Having guided Portugal to Euro 2016 glory, Patricio has had to excel in important moments and he certainly did so in this encounter, denying John Fleck and then David McGoldrick twice.
When a player is one-on-one with the 31-year-old, you tend to fancy the keeper to win the battle, especially given the better performances he has put in this term.
Patricio does not have the number of clean sheets he would have liked – just three in league so far – but he has played a vital part in Wolves’ success in both the top flight and the Europa League. He is doing a top job.
And you have to think that he will add another clean sheet to his tally sooner rather than later.
Max Kilman of Wolverhampton Wanderers. (AMA/Sam Bagnall)
Another man who was able to come out of the game with his head held high was Max Kilman.
Making his first Premier League
It was not as calming as having Willy Boly – currently on the sidelines with an ankle injury, but no longer wearing a protective boot – in the side, but the 22-year-old was assured against a tricky strike paring of Mousset and McGoldrick.
Romain Saiss is back from suspension for the game against West Ham on Wednesday, and you would expect him to come straight back into defence.
But him replacing Kilman is perhaps not as straightforward a decision now, with Kilman having impressed, while Leander Dendoncker put in a sloppy showing on the right of the back three.
Even if he does drop out of the starting XI for the Moroccan, though, Kilman can be happy with how he did against the Blades.
Nuno has long been a fan of the former Maidenhead United stopper – promoting him to the first team less than a year after coming in from non-league – and now we are starting to see why.
None of us, at the start of the season, expected him to be ahead of Real Madrid loanee Jesus Vallejo in the pecking order.
And while Vallejo’s shaky displays have certainly played their part, Kilman’s work has been top-notch. Long may it continue.
Wolverhampton Wanderers’s Diogo Jota (centre) and Sheffield United’s George Baldock
Something we do not want to carry on for much longer is Diogo Jota’s dry spell in front of goal.
Over the past few weeks, I have stressed his goal is not far away – but this was his worst performance for a while.
He is clearly desperate to get back to scoring ways after going six league games without finding the net.

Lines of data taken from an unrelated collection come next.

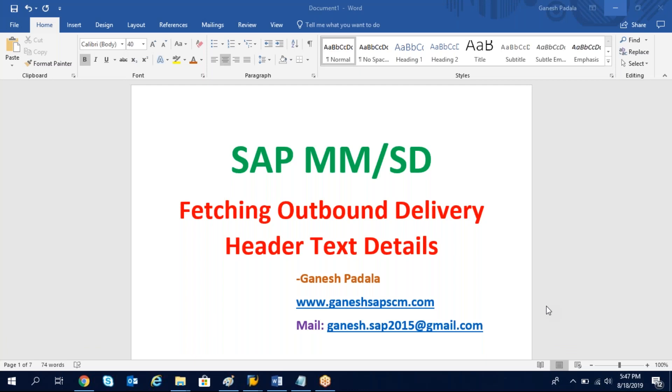Hi, good evening. Today we are going to learn how to fetch the details of header text.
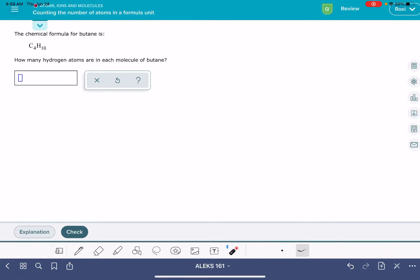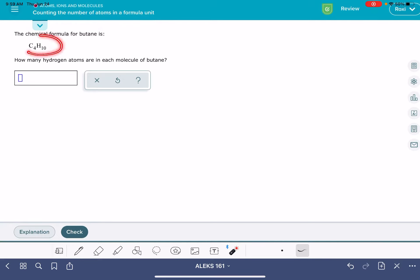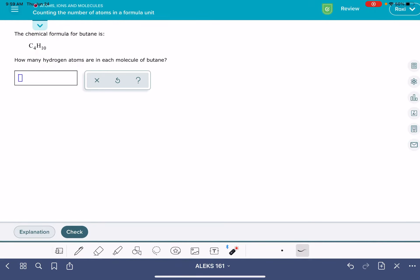In this video, I'll show you how to solve the Alex problem called counting the number of atoms in a formula unit. This problem is going to give you a chemical formula or a molecular formula, and it's going to ask you for the quantity of one of the atoms in the molecule.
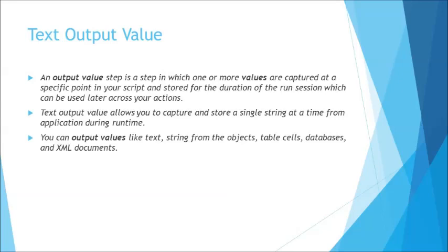So all we need to understand is this output value will be limited to a particular object's text output where it is not going to allow you to have any kind of extraction like the property like xy coordinate, enabled, focused, or in edit. You just have access to one particular property of any object that is text.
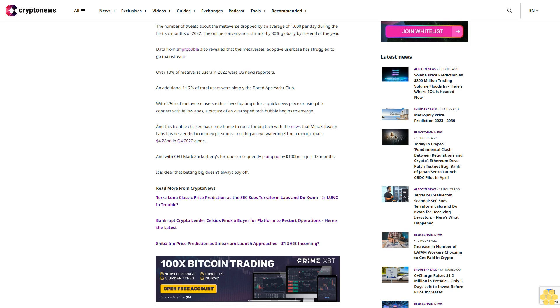And this troubled chicken has come home to roost for big tech with the news that Meta's reality labs has descended to money pit status, costing an eye-watering $4 billion a month, that's $4.28 billion in Q4 2022 alone, and with CEO Mark Zuckerberg's fortune consequently plunging by $100 billion in just 13 months. It is clear that betting big doesn't always pay off.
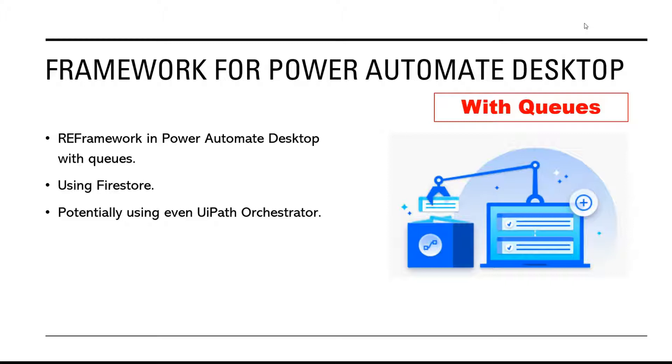For that purpose I decided to use Firestore database from Google Cloud Platform. I decided to use it as it is a serverless solution, so I will not have to think about setting up a machine or installing the database. It has very good performance and it has very good API, so I will be able to access queue items directly from the robot using simple web requests.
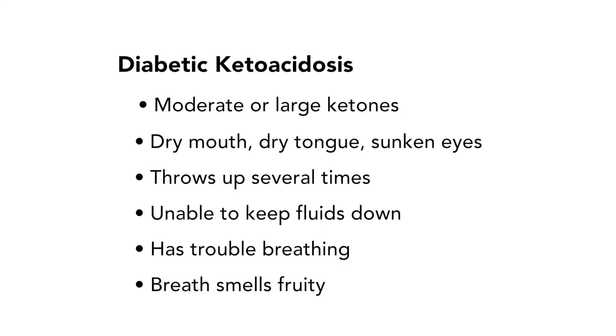Second, if your child is showing signs of diabetic ketoacidosis, go to the emergency room or call 911.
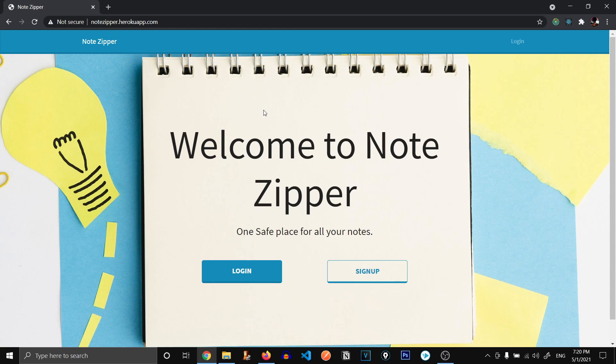So this is our note zipper application. You can find the link to the complete playlist in the description. So don't forget to follow the playlist and build this note zipper application by yourself. So thank you all for watching and I'll see you in the next video. Goodbye.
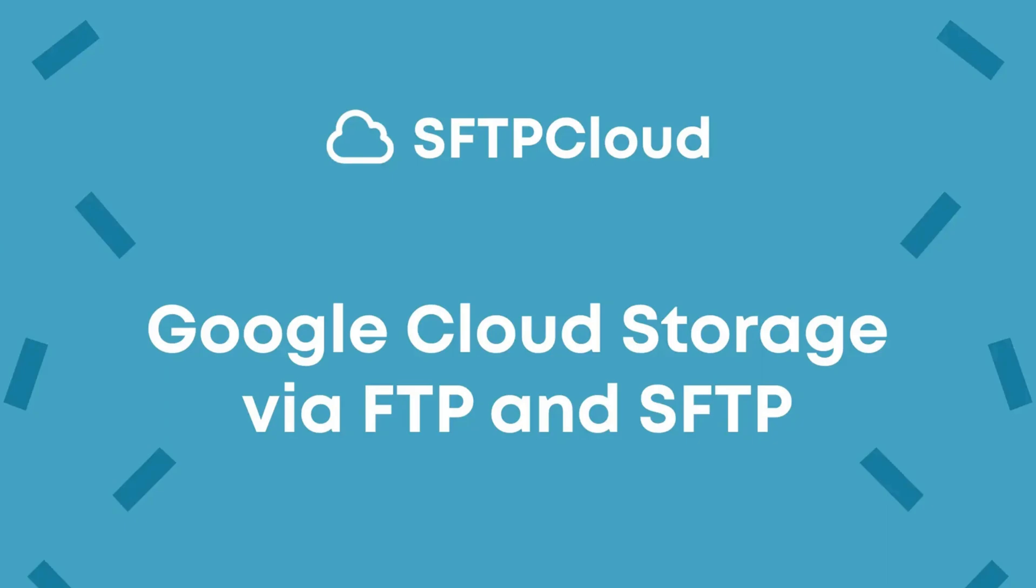In this tutorial, you will learn how to connect your Google Cloud Storage account to SFTP Cloud and use it as the storage layer for your SFTP and FTP server.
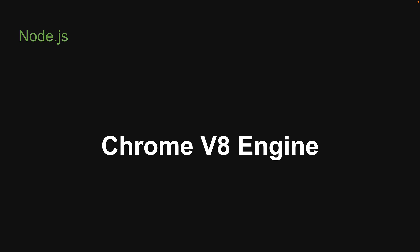Welcome back! For our second topic of discussion, let's understand about Chrome's V8 engine.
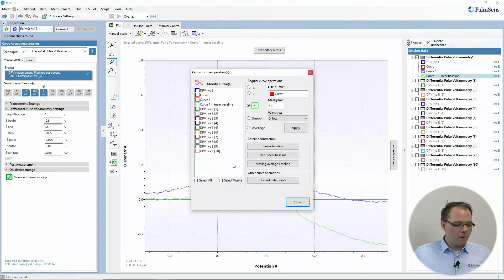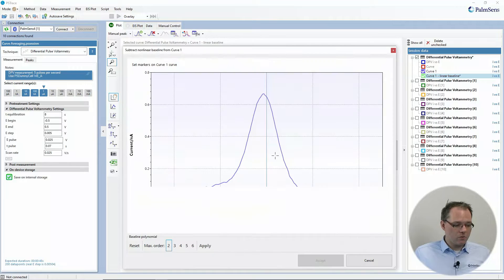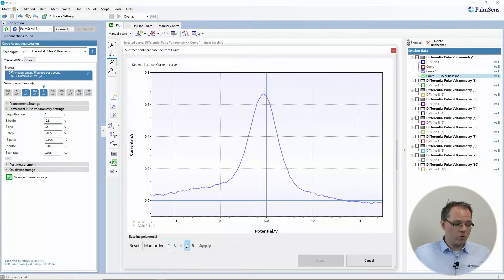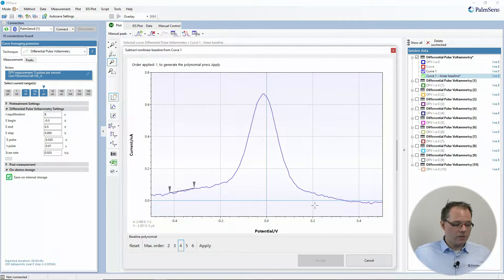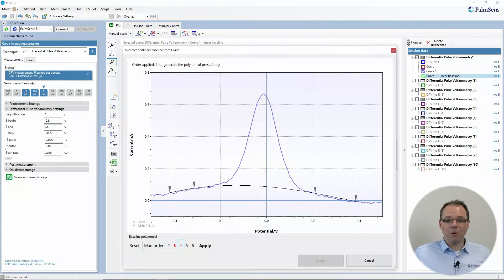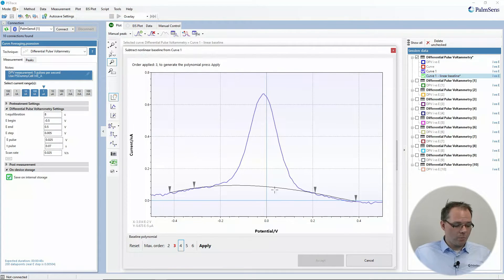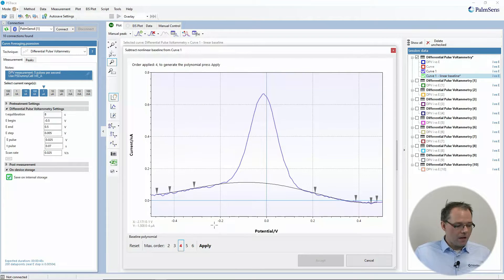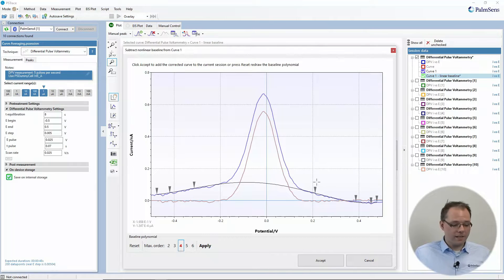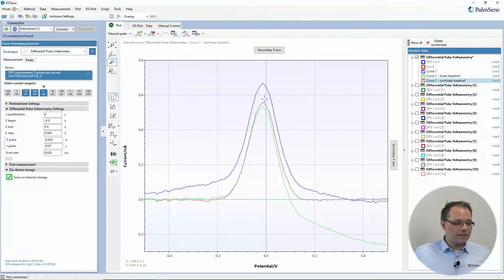Other options are a nonlinear baseline. Well, that works very similar, but you do it nonlinear. So you first choose the order of the polynomial that you want to use to fit your baseline. Let's say maybe four. Then you need to select the according points. The software is trying to find a polynomial that matches your points. So maybe let's add a few points. And then you can also say apply and you get your new baseline and then you accept it. So that's a nonlinear one.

But his desire to do so was to the detriment of Wolves at times in this game.
Trying to run past defenders and get shots off, the Portuguese was regularly dispossessed before he was able to try to test Dean Henderson.
And he was attempting to do it all on his own instead of making what were obvious passes to his team-mates – most notably when he should have released Raul Jimenez in the second period, but ran at John Egan instead and was tackled.
Jota’s willingness to ask questions of defenders is admirable, but selfishness – which was apparent here – is not what we want to see.
Hopefully, he can get get back on track against the Hammers in a couple of days’ time.
And speaking of Manuel Pellegrini’s men, it is another game you expect Wolves to get something from – despite the visitors’ victory over Chelsea at the weekend.
Then, after that, Wolves are heading to Brighton on Sunday.
Four points from those two matches seems a realistic target for Nuno’s side, who are sixth and nine unbeaten despite the fact they are yet to really blow a team away this term.
That return would be especially nice considering three of the following four games in the league are against Tottenham, Manchester City and Liverpool – even though Wolves, at their best, could beat any of those three.
Ultimately, although the squad is small, you are backing Wolves to hold their own in this busy December.